少しでも相続における税金を減らしたいのであれば、被相続人が健康なうちに贈与税の年間基礎控除110万円の上限枠をうまく使いながら(例えば不規則の年毎に100万円だけ贈与するなど)長期的な対策を行っておくことによって、将来相続が発生した場合に有利に運ぶでしょう。
3.「生前贈与」の危険性
相続税対策として、年間基礎控除分(110万円)の生前贈与を数10年間続けたとしても、毎年、決まった額の贈与を繰り返していると、税務署から「初めから決めていた総額を分割して贈与する意思があった」とみなされ、贈与が行われたすべての額が一括して贈与税の対象になってしまう恐れがあります。

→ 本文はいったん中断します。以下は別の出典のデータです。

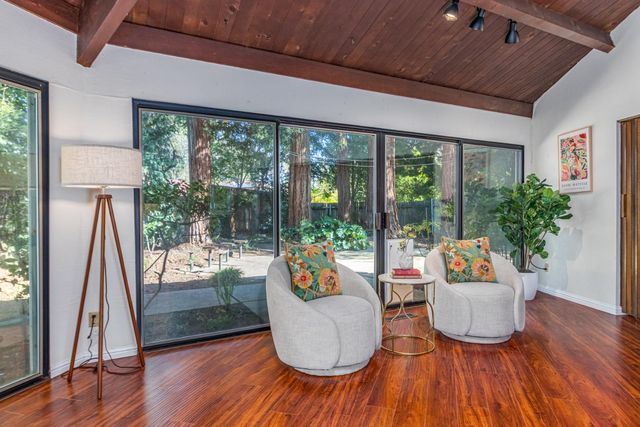 1744 Danielson Ct, Carmichael, CA 95608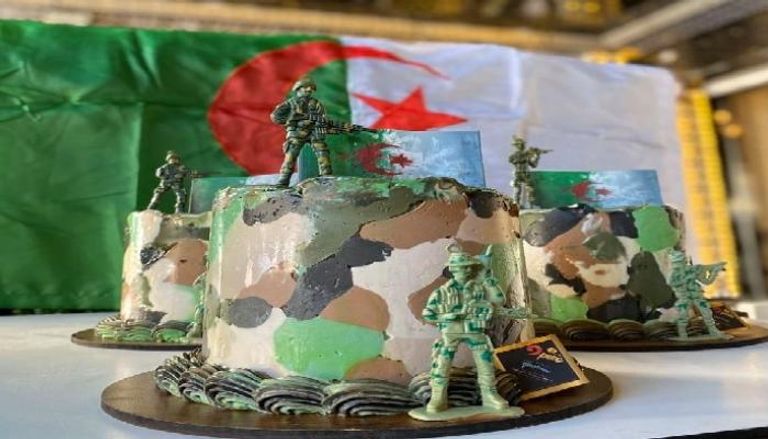 كعكة الاحتفال بعيد الثورة في الجزائر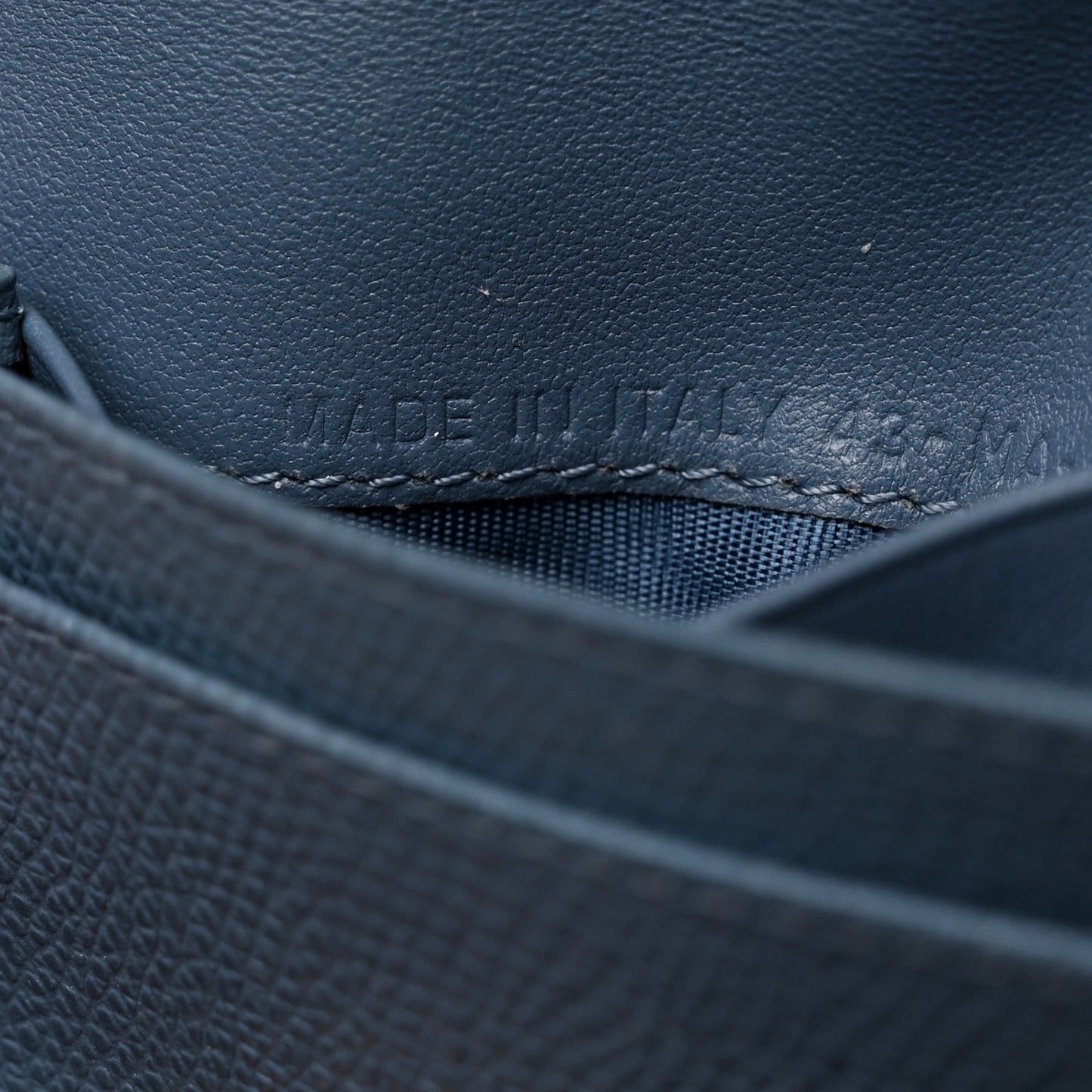 Grained Calfskin Saddle Card Holder Navy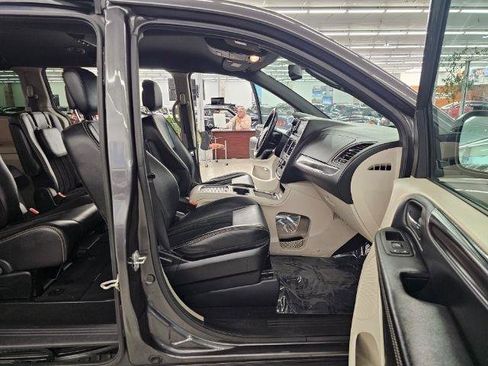 Used 2018 Dodge Grand Caravan SXT image 29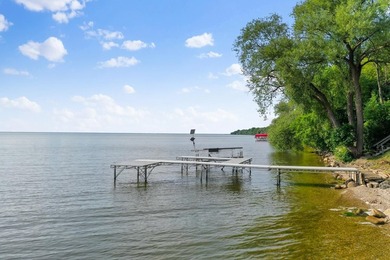 Year-round Lake Winnebago cottage with 70' of frontage on a 0 - photo 38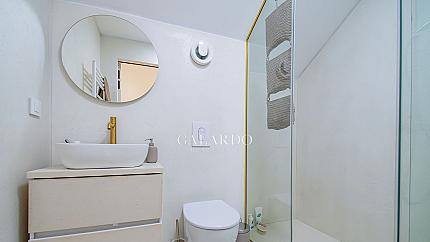 Модерна луксозна къща в затворен комплекс в полите на планина Лозен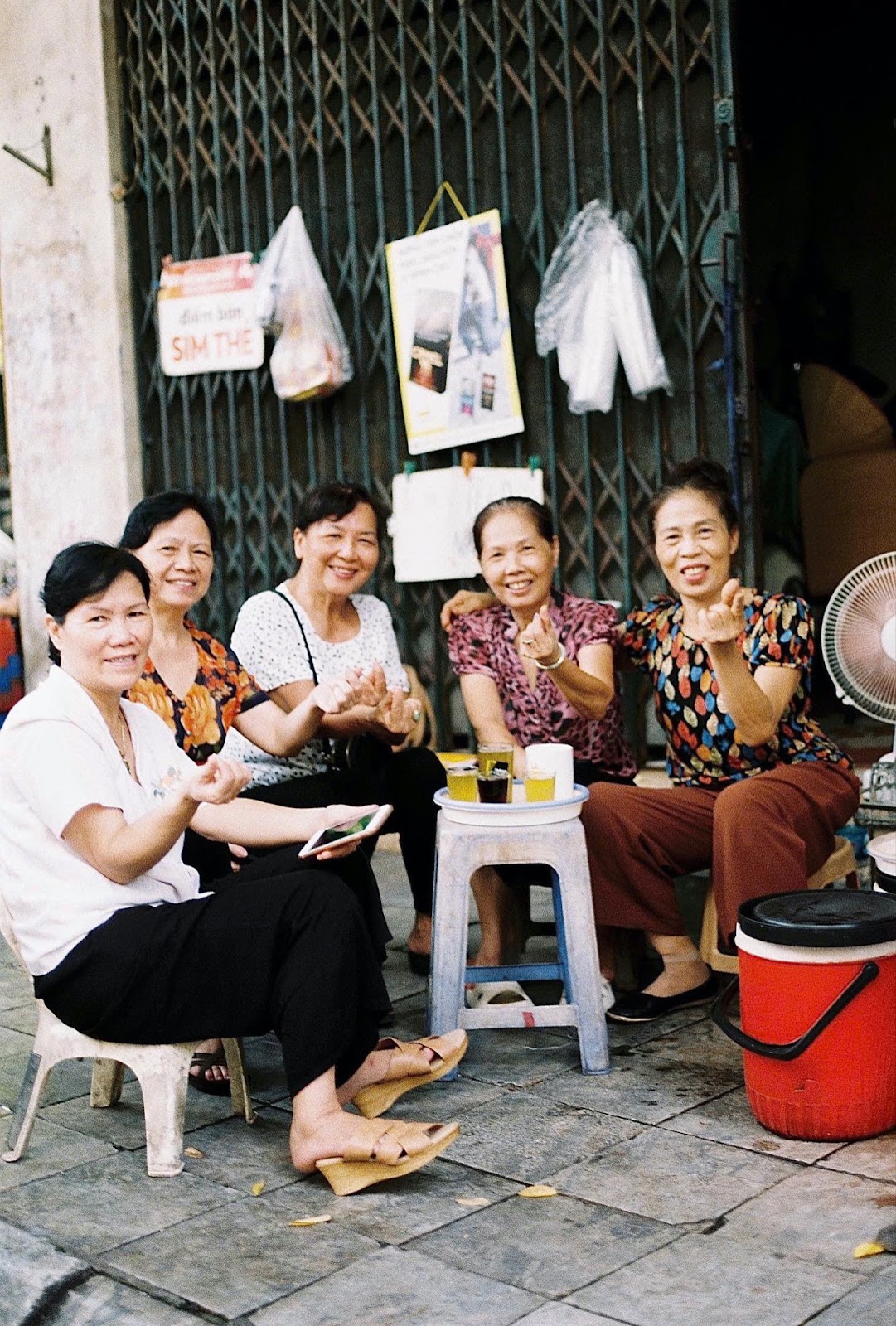 Ngồi vỉa hè nhâm nhi cốc trà nóng, đón mùa đông- Ảnh 5.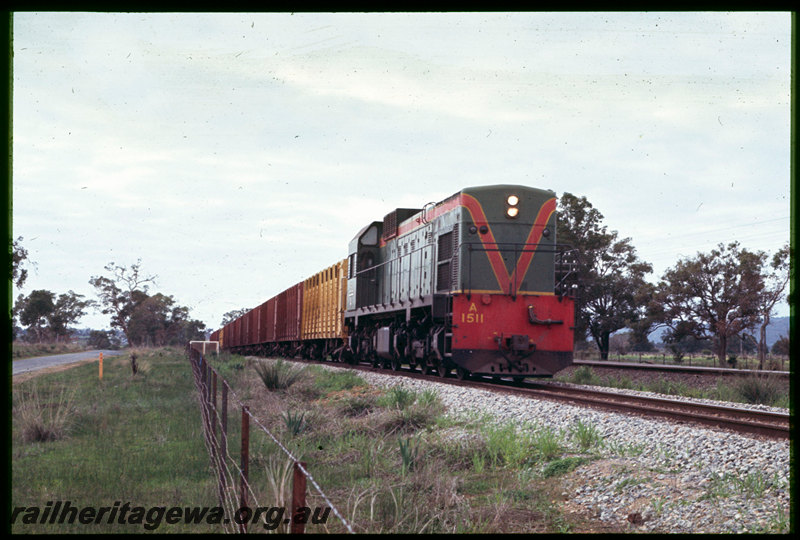 T06742
A Class 1511, Up cattle train, TA Class cattle wagons, Z Class brakevan mid-train, Millendon Junction, dual gauge Avon Valley line on right, MR line
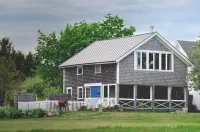 Tapley Farms: Charming Barn at Salt Water Farm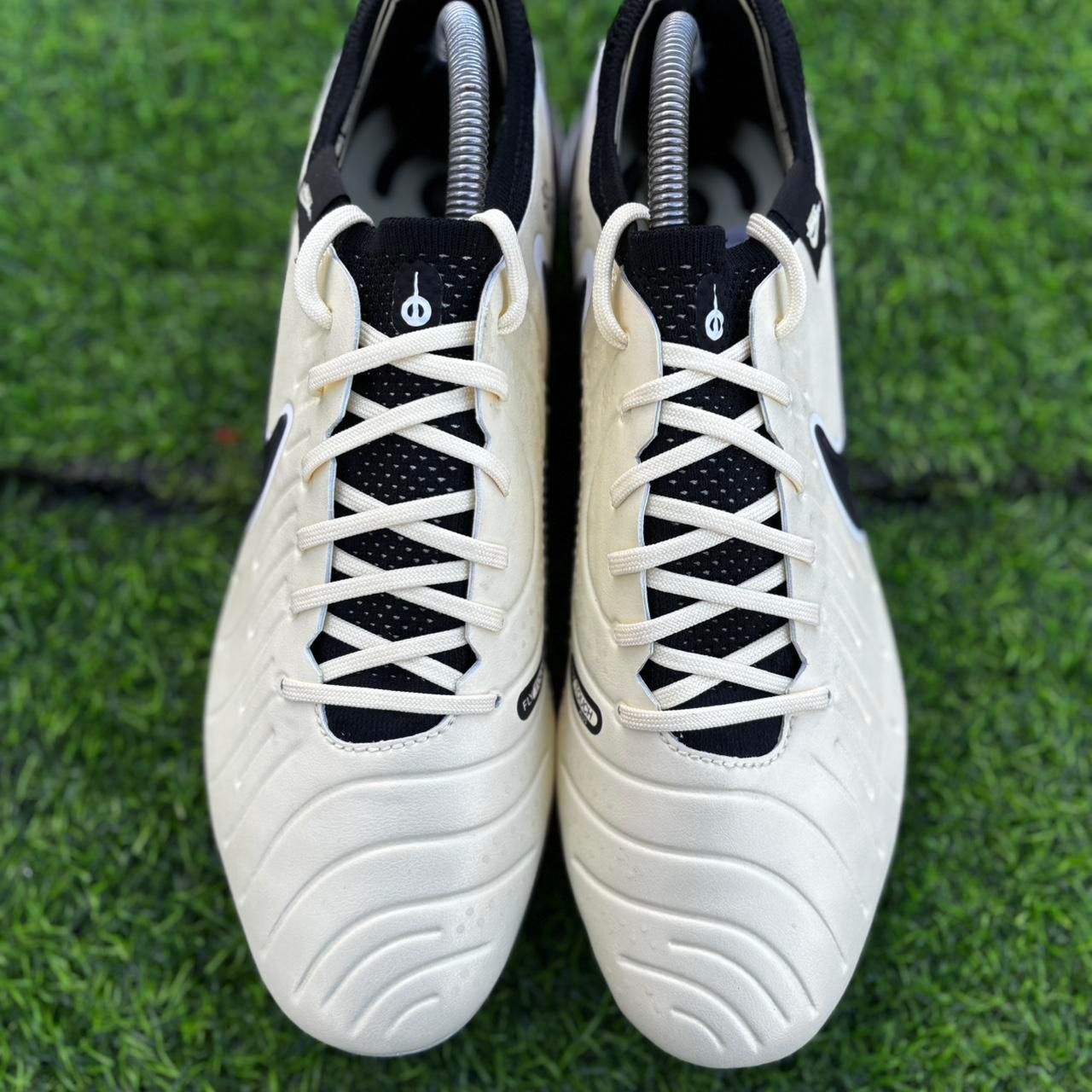 Nike Tiempo Legend 10 Elite SG Football Boots –Size 9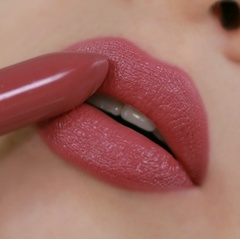 RELOUIS Помада PREMIUM GOLD №353 красный каркаде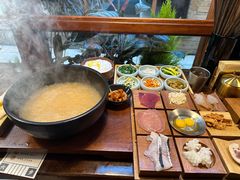 -银米·云南传统过桥米线(双廊黑金冠店)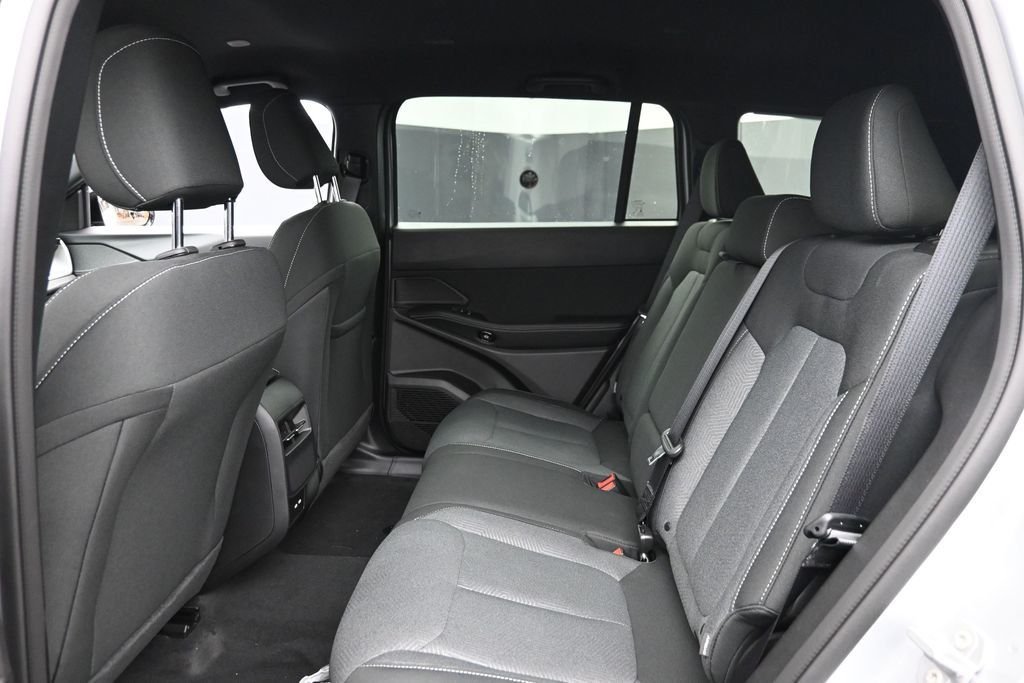 New 2026 Silver Zynith Clearcoat Jeep Laredo image 10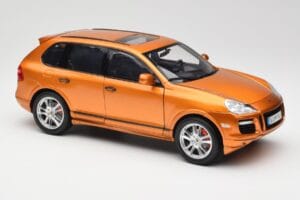 Porsche Cayenne GTS Lava Orange Norev 1:18 187535 Metāls — attēls 6 no 8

基礎控除の範囲内であっても、毎年一定額を贈与する「定期贈与」は避けたほうが無難です。
4.他の対策
(1)「住宅資金贈与非課税制度」
住宅をこれから手に入れようとしている人が、父母や祖父母など直系尊属から住宅取得等のために資金の贈与を受けた場合で、その贈与を受けた年の翌年3月15日までにその資金を自分が居住する家の新築や取得、一定の増改築等のために使い、かつ自分で住み始めた場合には一定額が非課税となる制度があります。
ここでは概要のみで、細かい説明はしません。
ただしこの制度は期限付きで、今のところ2014年12月31日までの間となっています。
(2)「相続時精算課税制度」
贈与した際の課税を相続時まで繰り延べるという制度です。これを使えば2500万円までなら贈与時の税金が課税されません。ただし、贈与した人が亡くなった際に、先に贈与を受けた財産と相続の時に残っていた財産を合算して相続税額を計算することとなります。相続より早く財産を受け取るという意味ではこの制度も有効です。ただし、誰でもすぐに使える制度かというとそうではありません。ここでは概要のみで、細かい説明はしません。
5.まとめ
生前贈与には色々な制度がありますが、どの制度も利用するには将来の相続財産の価値を見越した慎重な対応が必要となるということを理解しておきましょう。
まずはここまでの基本をおさえましょう。